Le Corpus paulinien

par Gilles de Grandpré

     Le commentaire de Thomas sur les épîtres de Paul a été peu connu jusqu’au début du XVe siècle : neuf témoins de la fin du XIIIe siècle jusque vers 1430, mais aucun  témoin qui contienne la totalité des épîtres. L’apparition de l’impression et son développement ont favorisé une diffusion considérable : environ 70 éditions depuis la fin du XVe siècle.

   Si on exclut les témoins qui ne sont que des copies ou des extraits, l’Ad Romanos est attesté par 2 ensembles de témoins : des témoins de tradition germanique (7) et des témoins de tradition italienne (8). La situation est sensiblement la même pour l’Ad Hebraeos qui clôt le Corpus.

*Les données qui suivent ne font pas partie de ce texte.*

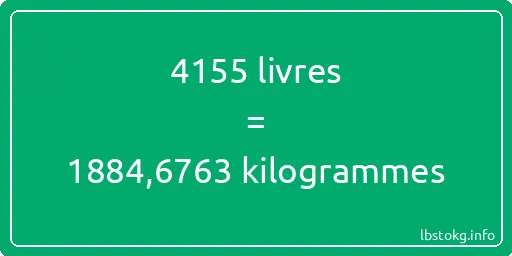 4155 lbs à kg - 4155 livres aux kilogrammes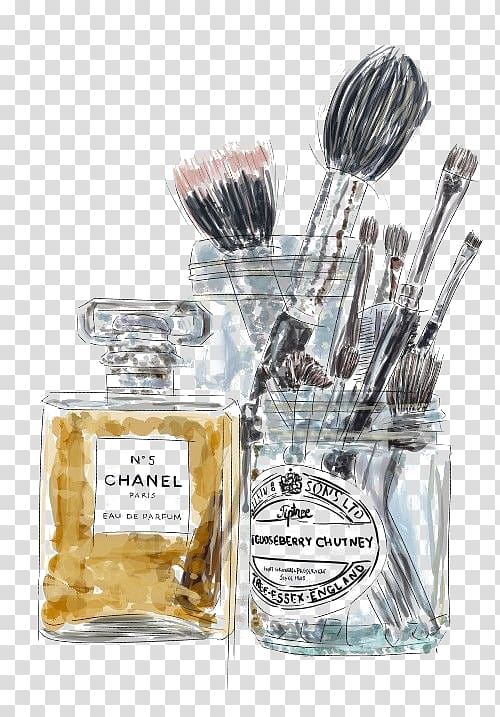 illustration of Chanel perfume bottle and makeup brushes, Chanel No. 5 Perfume Cosmetics Coco, Perfume and make-up brushes transparent background PNG clipart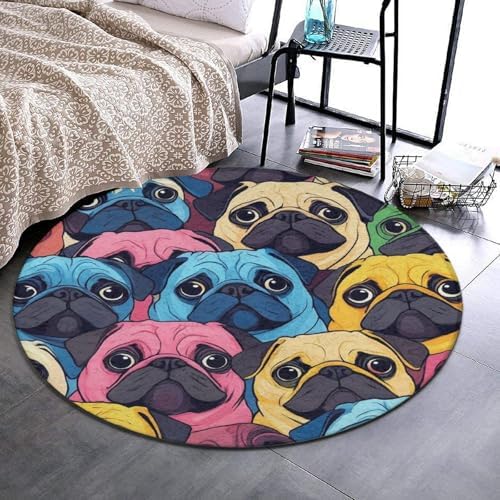 Fashion Round Area Rug Large Non Slip Carpet, Colorful Pug Dogs Funny Puppy Unisex Home Decor Mat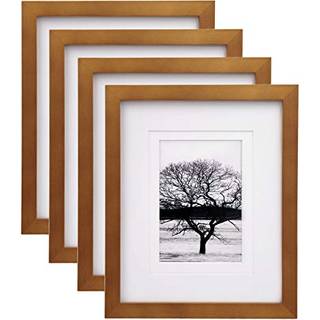 EGOFINE 8X10 BILLEDER RAMMER 4 PAKK til billeder 4x6 eller 5x7 med Mat lavet af massivt tr? d?kket af plexiglass til bordplade og v?gmontering af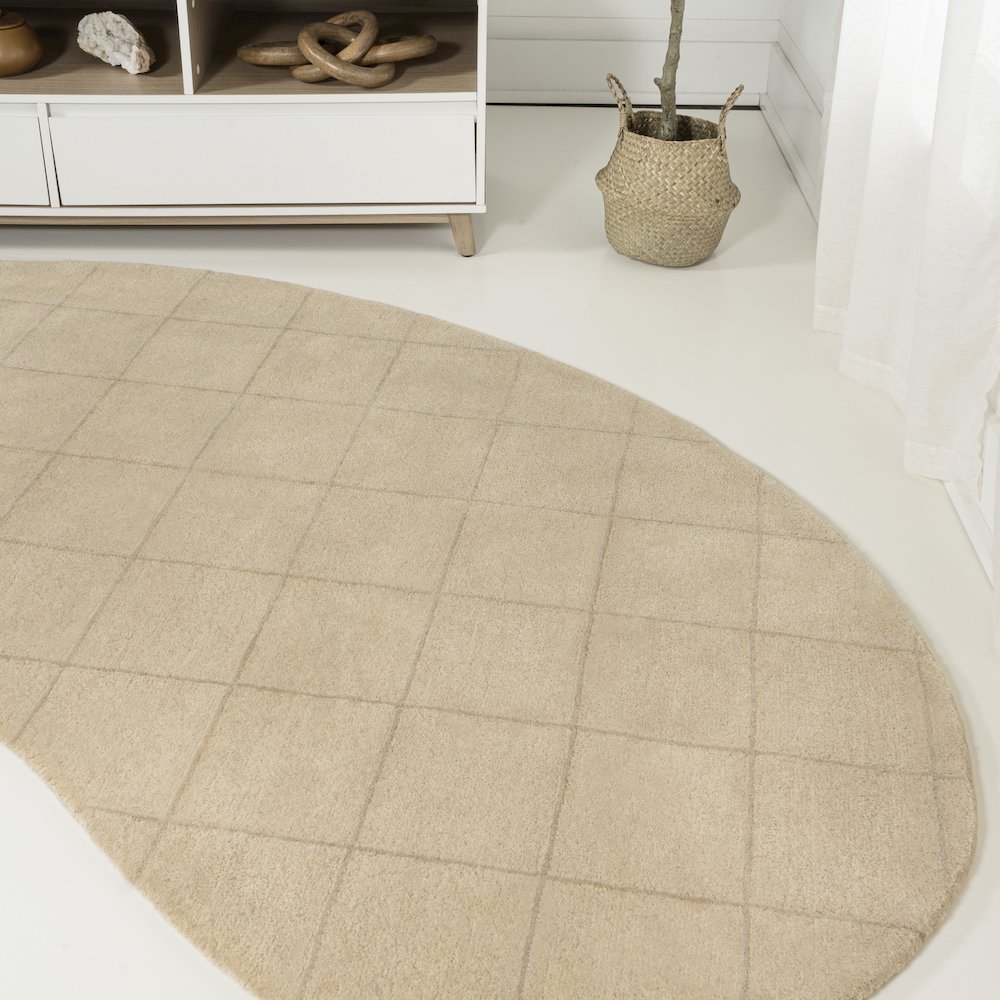Bean Modern Plaid Grid Handwoven Wool Area Rug. Picture 1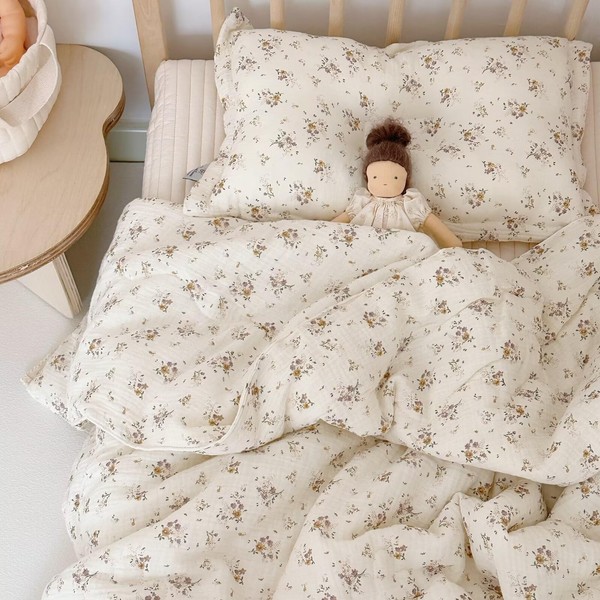 BuLuTu Muslin Toddler Quilt for Boys Girls Cute Flowers Printed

À l’intérieur de la tradition germanique, les témoins sont presque aussi nombreux pour chacune des deux épîtres, mais elles n’ont en commun que 3 témoins complets et un témoin d’extraits. Au contraire de la tradition italienne qui présente un corpus homogène et complet, la tradition germanique est morcelée et certaines épîtres ne sont que très pauvrement attestées. La totalité de la tradition imprimée que nous connaissons dépend de la tradition italienne, une reconstruction tardive qui n’intervient pas dans l’édition critique.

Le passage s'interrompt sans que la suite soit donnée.